*** MATERIAL TO PROCESS Section Begins ***

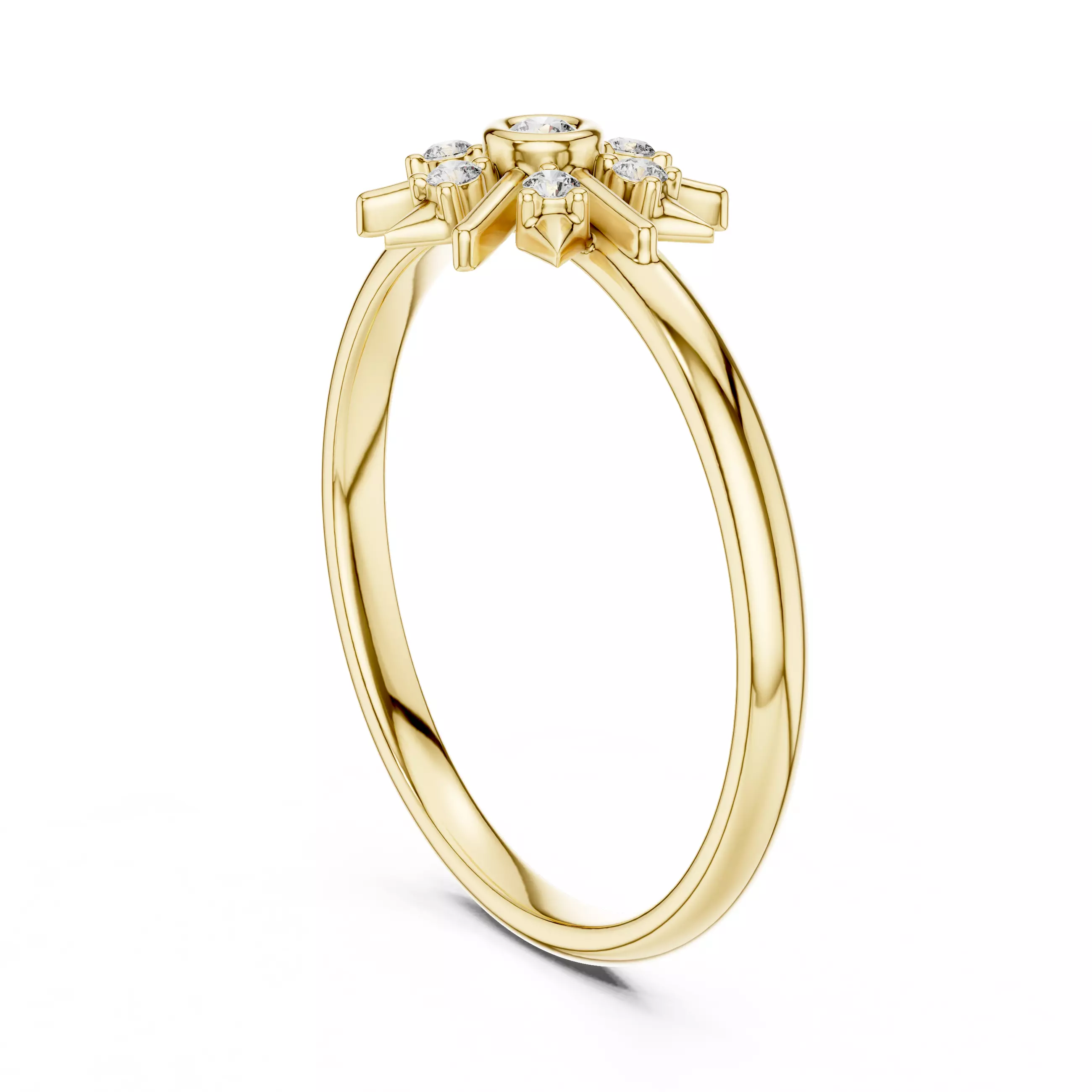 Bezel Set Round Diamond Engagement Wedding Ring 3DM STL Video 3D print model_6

*** MATERIAL TO PROCESS Section Ends ***
*** MATERIAL TO PROCESS Section Begins ***

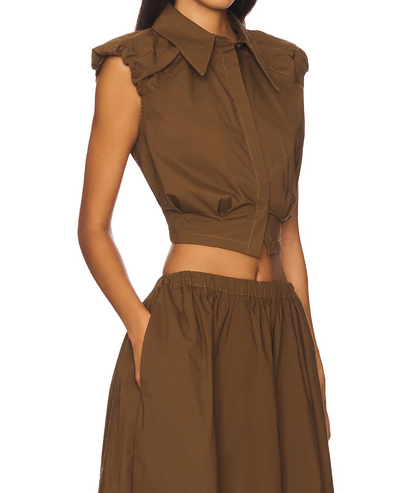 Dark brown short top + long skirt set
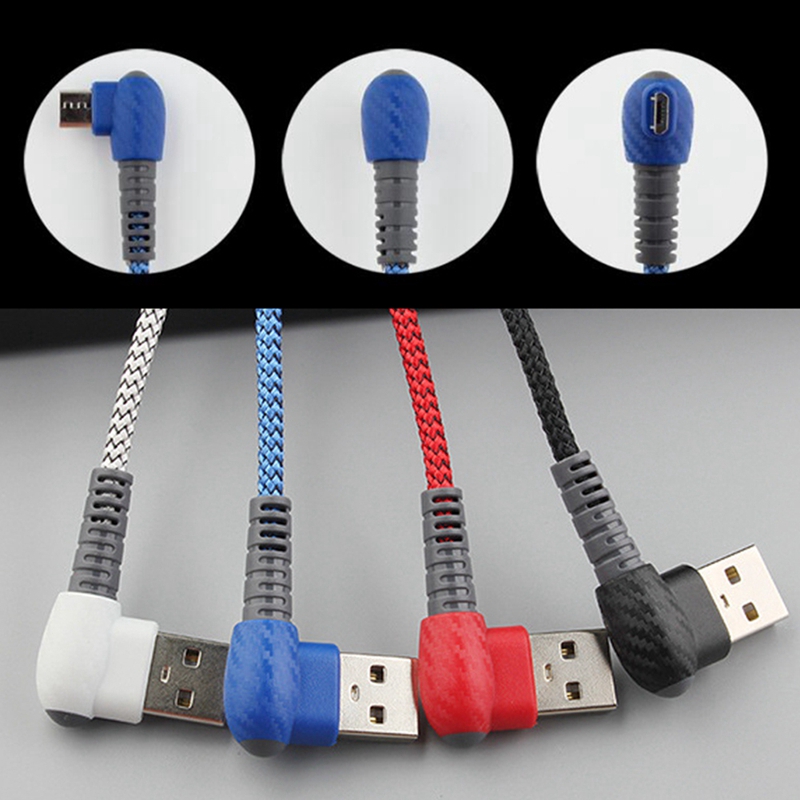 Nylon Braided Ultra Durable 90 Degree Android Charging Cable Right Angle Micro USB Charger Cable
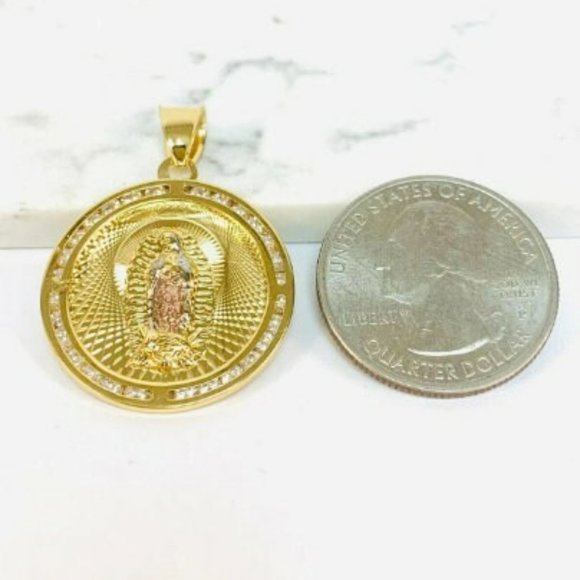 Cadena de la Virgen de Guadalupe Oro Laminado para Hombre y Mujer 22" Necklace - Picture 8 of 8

*** MATERIAL TO PROCESS Section Ends ***

WORK TO BE COMPLETED >> For the entries above, print exactly the lines between the one with "Dark brown short top + long skirt set" and the one with "Cadena de la", inclusive, with no pictures.

FINISHED TASK >>
 Dark brown short top + long skirt set
 Nylon Braided Ultra Durable 90 Degree Android Charging Cable Right Angle Micro USB Charger Cable
 Cadena de la Virgen de Guadalupe Oro Laminado para Hombre y Mujer 22" Necklace - Picture 8 of 8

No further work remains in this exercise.